### Task
Omit pictures and quote the listing below line by line, from its start through the line that holds "Connect anything to".
Dataset excerpt Start Marker
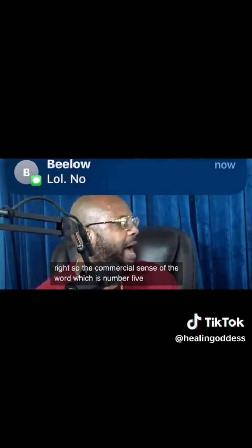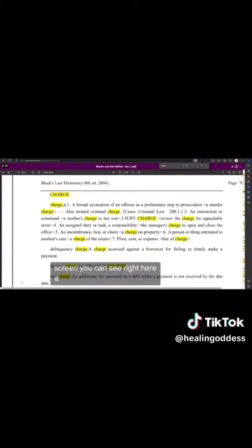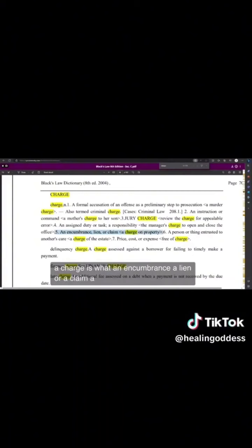We are dealing with commercial matters. The commercial sense of the word 'charge,' which is definition number five, is an encumbrance — a lien. You can see right here on the screen: a charge is an encumbrance, a lien, or a claim. A charge on property.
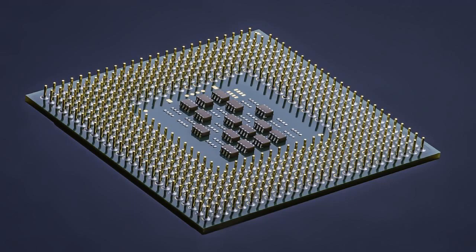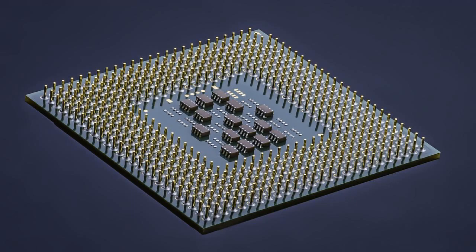These advances, roughly following Moore's law, make computer chips of today possess millions of times the capacity and thousands of times the speed of the computer chips of the early 1970s.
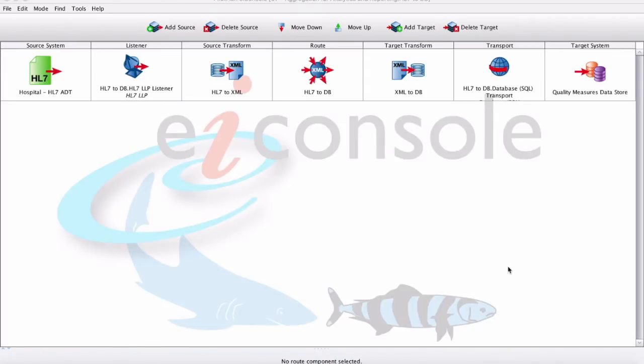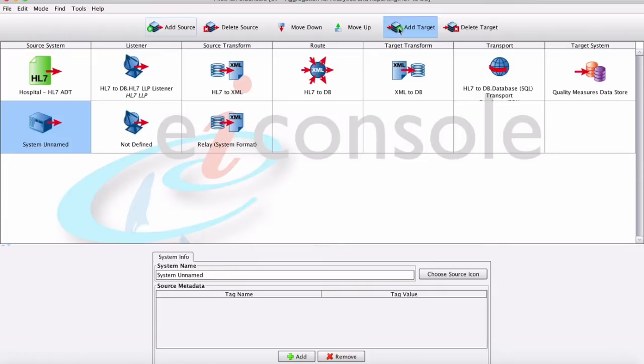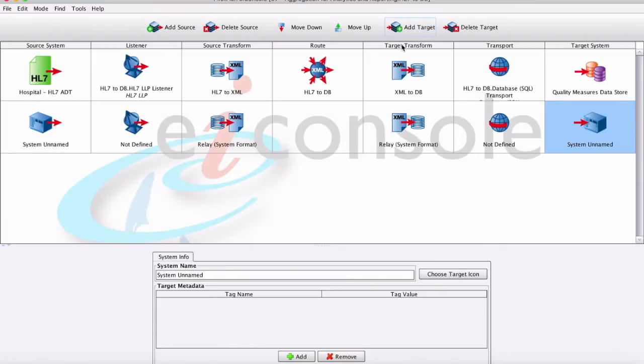Connect anything to anything with the EI console for healthcare. Define your source and target systems with a click of a button, then configure the step-by-step interface assembly line to define the mechanics of the data flow.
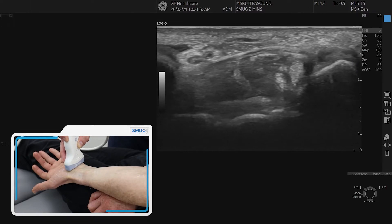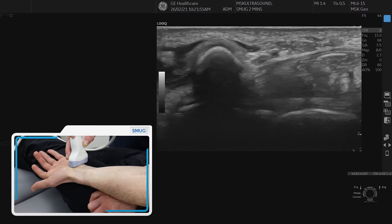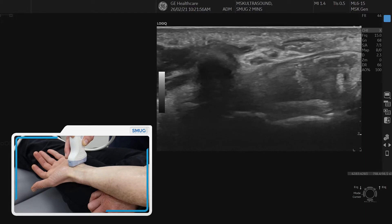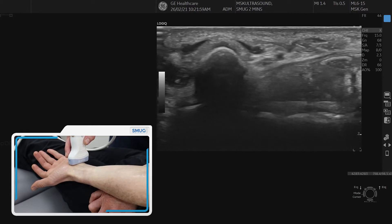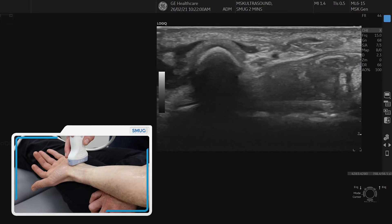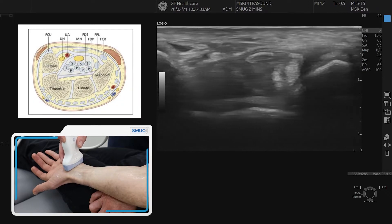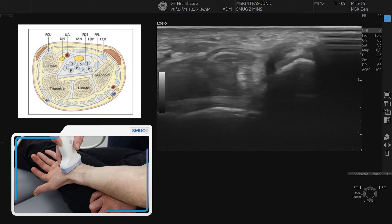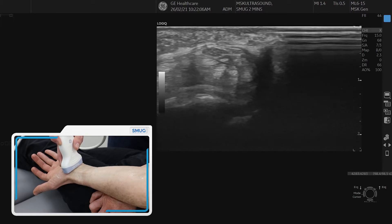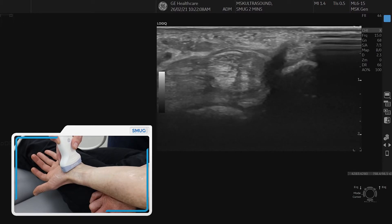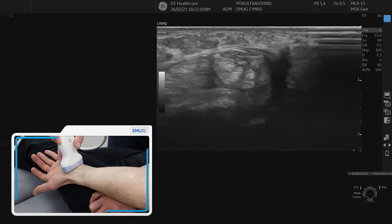The ulnar side is on the left side here. We can identify Guyon's canal — it has an artery, vein, and nerve in that little compartment. We can see the retinaculum all the way to the radial side, and then we identify the median nerve again going into that compartment.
Dataset excerpt End Marker
### Result of the task
We are dealing with commercial matters. The commercial sense of the word 'charge,' which is definition number five, is an encumbrance — a lien. You can see right here on the screen: a charge is an encumbrance, a lien, or a claim. A charge on property.
These advances, roughly following Moore's law, make computer chips of today possess millions of times the capacity and thousands of times the speed of the computer chips of the early 1970s.
Connect anything to anything with the EI console for healthcare. Define your source and target systems with a click of a button, then configure the step-by-step interface assembly line to define the mechanics of the data flow.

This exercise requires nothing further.